Gin and tonic is a go-to drink for me. I started drinking them in college because I thought it sounded sophisticated, and I quickly grew to love them! I’ve always ordered one to herald in my vacations, which means I am often drinking the first tonic squirt off the gun at an airport or hotel bar early on a Tuesday. (Here is my plea to day bartenders: please, bleed your guns before the first pours of the day!) Even when the tonic is flat, there is something very civilized about a gin and tonic.
Drinking gin with tonic water came into favor in India in the mid 1800s, as a means to administer quinine to British colonists in India. Quinine from cinchona bark helps ward off the effects of Malaria, and the British colonists mixed their quinine extract with gin, sugar and soda in order improve its bitter flavor.

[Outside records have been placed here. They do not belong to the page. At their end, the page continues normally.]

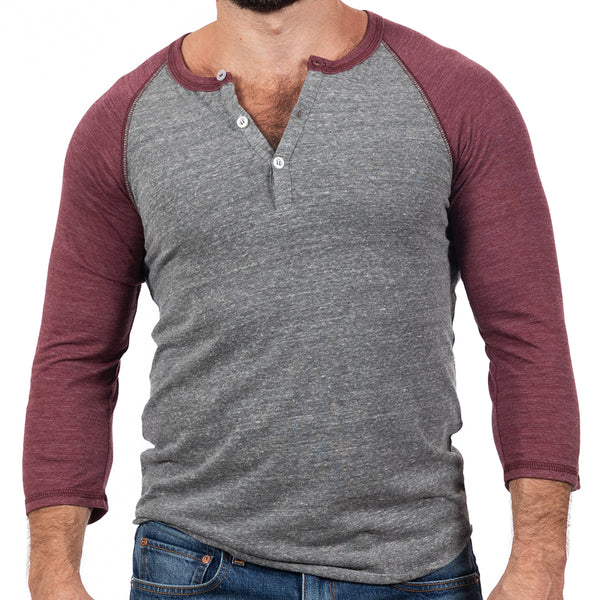 Olive & Charcoal Grey Contrast 3/4 Raglan Sleeve Tri-Blend Henley - Made In  USA
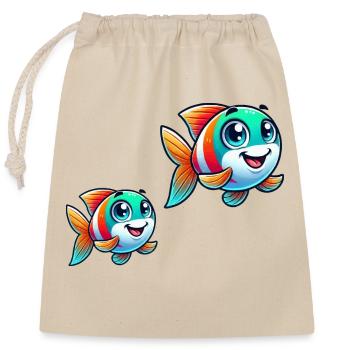 Bande dessinée de poisson - Sac cadeau en coton avec cordon (25 x 30 cm) - nature - Devant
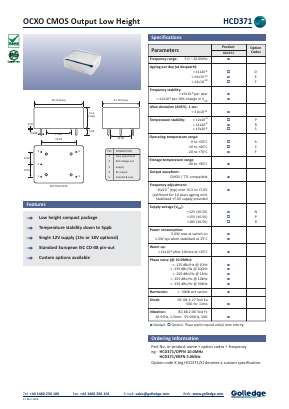 HCD371/ERFN Datasheet PDF Golledge Electronics Ltd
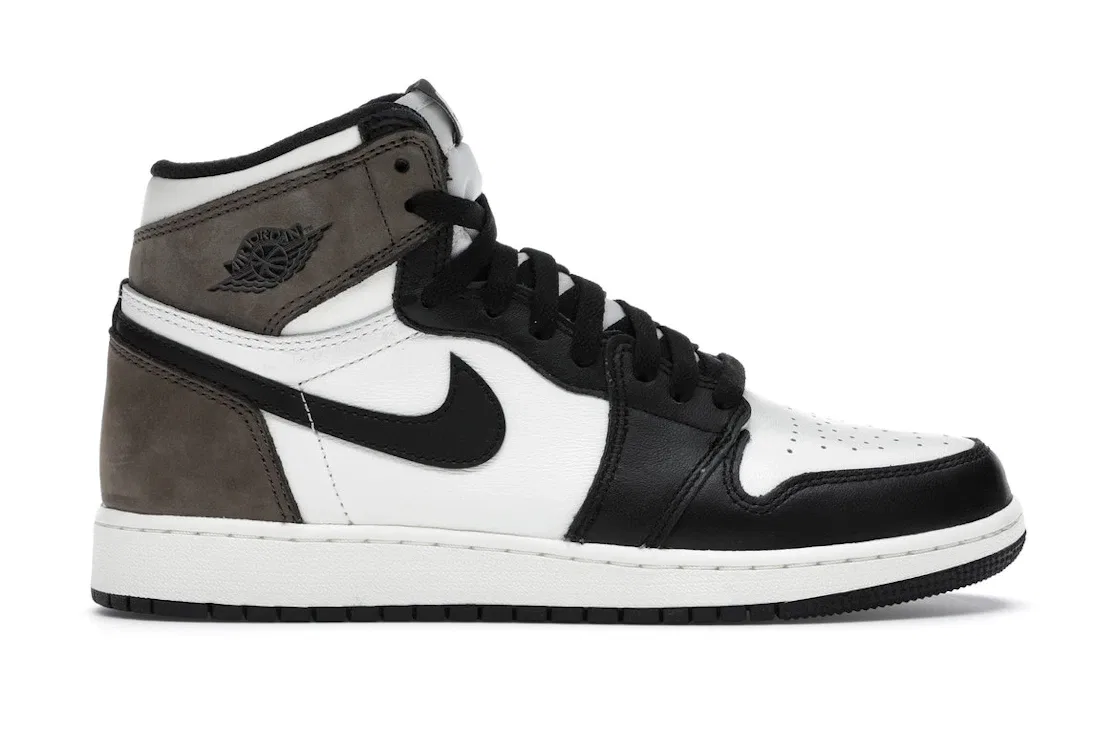 Детские кроссовки для мальчиков с высоким верхом Jordan 1 Retro High Dark Mocha Jordan, Sail/Dark Mocha-Black-Black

Commercial Tonics & Tonic Syrups
Commercial tonics hit the market soon after, and most of the world has been drinking one of only a few big brand tonics (like Schweppes or Canada Dry) for the last hundred years. With the craft cocktail trend, there is a renewed interest in tonics made with real quinine rather than quinine flavoring, and several local bars are really upping their games. Not only have we seen some great premium tonics come into the market, like Fever Tree and Q, but also some delicious quinine syrups; it’s a simple way to elevate the beverage program, and get a strong tonic flavor while being able to control the sweetness of your cocktail. One we’re particularly fond of is Tomr’s tonic, which was developed by a bartender in New York, and has rich, earthy flavor.

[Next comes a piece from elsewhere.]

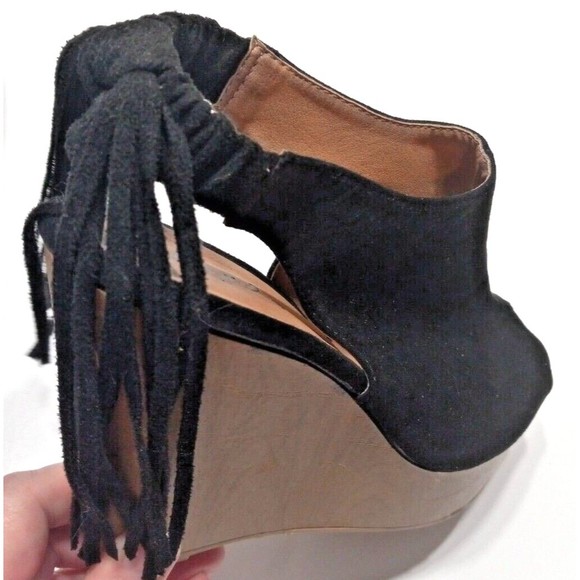 Qupid Platform Wedge Fringed Heel Sandal Black Suede Leather Elastic Back - Picture 4 of 12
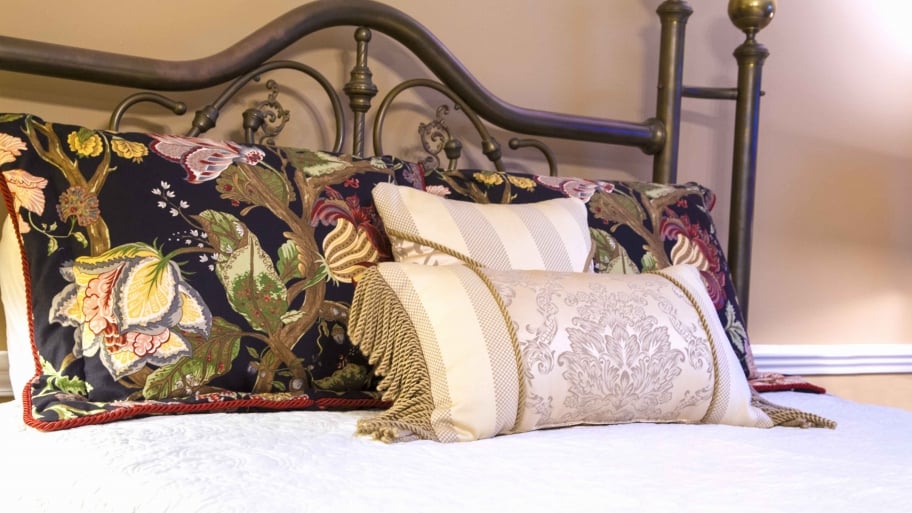bed with pillows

Chicago’s Amazing G&T Culture
Tim Lacey was one of the first bartenders we knew in the city developing his own tonic recipes. He was crafting house made tonics at Custom House in the South Loop, using real cinchona bark and incorporating falernum, sage, cloves, and other vibrant flavors. His gin and tonic flight at Custom House was very popular, and we credit him with starting the trend locally.
A couple of standouts we’ve had recently include the Homemade Gin & Tonic at Frontera Grill, where beverage director Jay Schroeder is featuring our Distiller’s Gin No. 6 and a house tonic made with cinchona bark, black tea, and thyme. The tea gives it a great richness and the spices are perfectly balanced with the bitter.

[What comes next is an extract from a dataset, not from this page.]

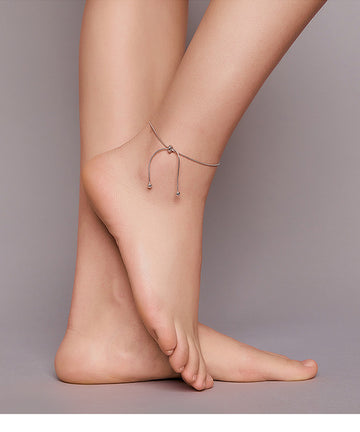 Tobillera ajustable de plata de ley 925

Another beauty came across the bar to me at the newly reopened Spiaggia. Almost too beautiful to drink (don’t worry, I steeled myself and made it to the bottom of the glass), Derek Mercer is pairing our Distiller’s Gin No.11 with his own tonic, incorporating lemongrass, dry spices, and citrus peels into his syrup, which he cooks sous vide to intensify the flavors.
These are just a couple of the ones we’ve found recently. We look forward to finding more standout G&Ts this summer, and we’ll keep you posted!